Second, as B&W stresses again and again, this is not the “last word” on the topic (53). But, to my eyes it is a very good first word. In contrast to many computational approaches to parsing and learning, it takes linguistic theory seriously and considers its implications for performance. Let me quote B&W:

…what we want to illustrate here is not the final result but the method of study. We can assess the relative strengths of parsability and learnability in this case, but only because we have advanced specific models for each. These characterizations are still quite specific, being grounded in particular linguistic theories. The results are therefore quite unlike the formal learning theories of Gold (1967), or more recently, of Osherson, Stob and Weinstein (1982) nor are they like the general results obtained from the analysis of the parsability of formal languages. Rather, they hold of a narrower class of languages that are already known to be linguistically relevant. In this respect, what the theories lose in terms of invariance over changes in linguistic theories, they gain in terms of specificity.[5] (58-9)
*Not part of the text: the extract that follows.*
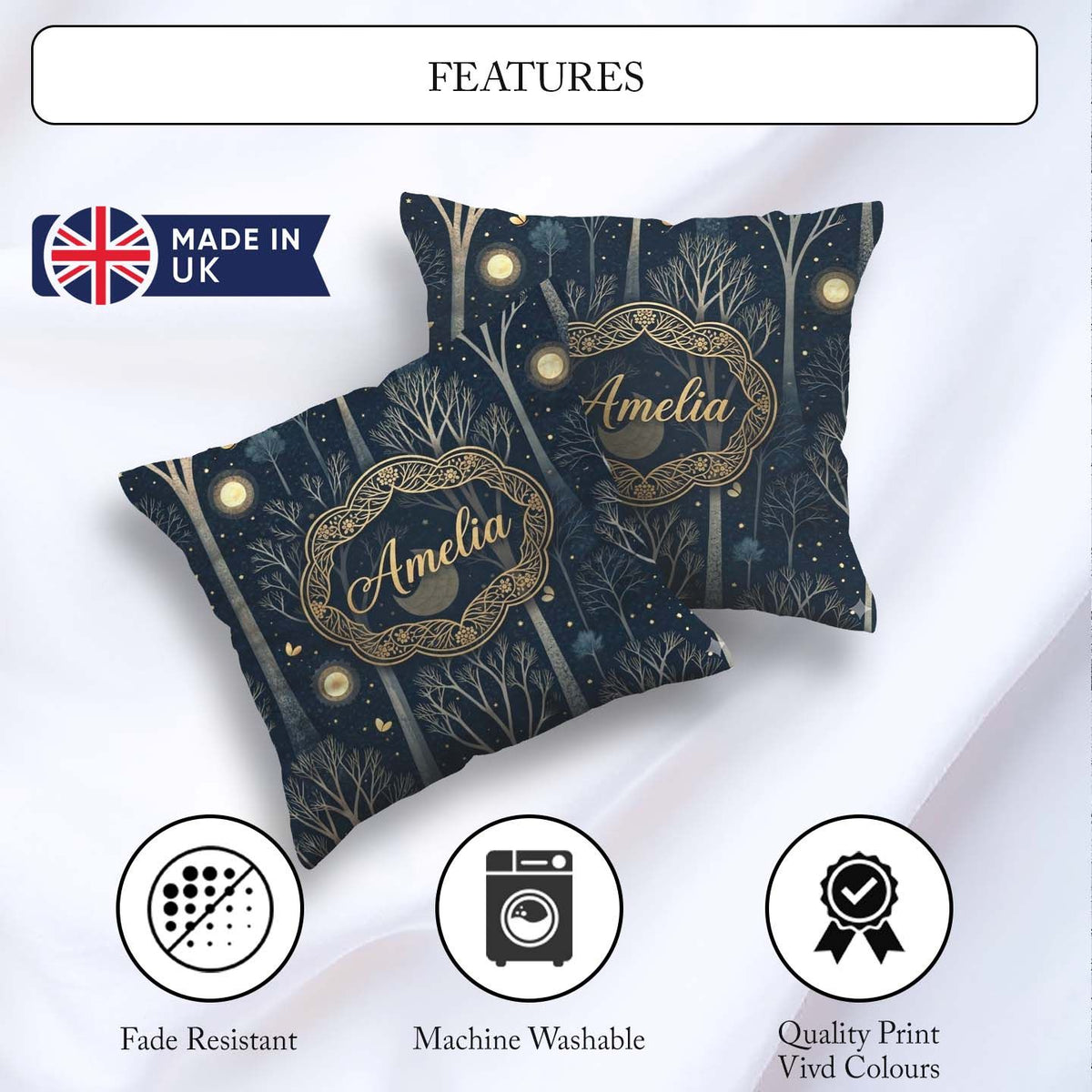 Custom Name Mystical Forest Trees Starry Night Seamless Pattern Square Filled Cushion Throw Pillow Sofa Bed Home Decor Zip Washable UK Made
Thus, it offers a concrete way of motivating actually proposed principles of FL/UG on computational grounds. In other words, it offers a concrete way of exploring the SMT. Not bad for a 1987 paper that has long been ignored. It’s time to go back to the future.




[1] I still fondly recall a day in Potsdam several years ago when Greg Kobele suggested in the question period after a talk I gave that any minimalist claims to computational efficiency are unfounded (actually, he implied worse, BS being what sprang to my mind). At any rate, Greg was right to push. The SMT posts are an attempt to respond.
[2] For trees that are not “perfectly balanced” (i.e. not as deep as wide) the computational savings decline until they go to zero in simple left branching sentences.
[3] Epstein has noted this connection. Hornstein 2009 discusses it ad nauseum and it forms the basis of his argument that all relations mediated by CC should be reduced to movement. This includes pronominal binding. This unification of binding with movement is still very controversial (i.e. only Kayne, Sandiway Fong, me and a couple of other crazies think it possible) and cannot be considered as even nearly settled. This said, the connections to B&W are intriguing.
[4] Like real time parsing, I suspect degree 2 is too lax a standard. We likely want something stricter, something along the lines of Lightfoot’s degree 0+ (main clauses plue a little bit).
[5] This is important. Most formal work on language quite deliberately abstract away from what linguists would consider the core phenomenon of interest: the structure of Gs and UG. They results are general because they are not G/UG dependent. But this is precisely what makes them the wrong way for investigating G/UG properties and for exploring the SMT.

There is a counter argument, that by going specific one is committing hostages to the caprice of theory. There are days where I would sympathize with this. However, as I’ve not yet gone tired of repeating, the rate of real theoretical change within GG is far slower than generally believed. For example, as I noted in the main body of the post, modern theory is often closely related to old proposals (e.g. phases/subjacency or CC/EC). This means that theory change is not quite as radical as often advertised and so the effects of going specific not nearly as baleful as often feared.  This said, I need not be so categorical. General results are not to be pooh-poohed just because they are general. However, as regards the SMT, to the degree that formal results are not based in grammatically specific concepts, to that degree they will not be useful for SMT purposes. So, if you are interested in the SMT, B&W is the right way to go.

An aside: the branch of CS that that B&W take to be of relevance to their discussion is compiler theory, a branch of CS which gets its hand dirty with the nitty gritty details.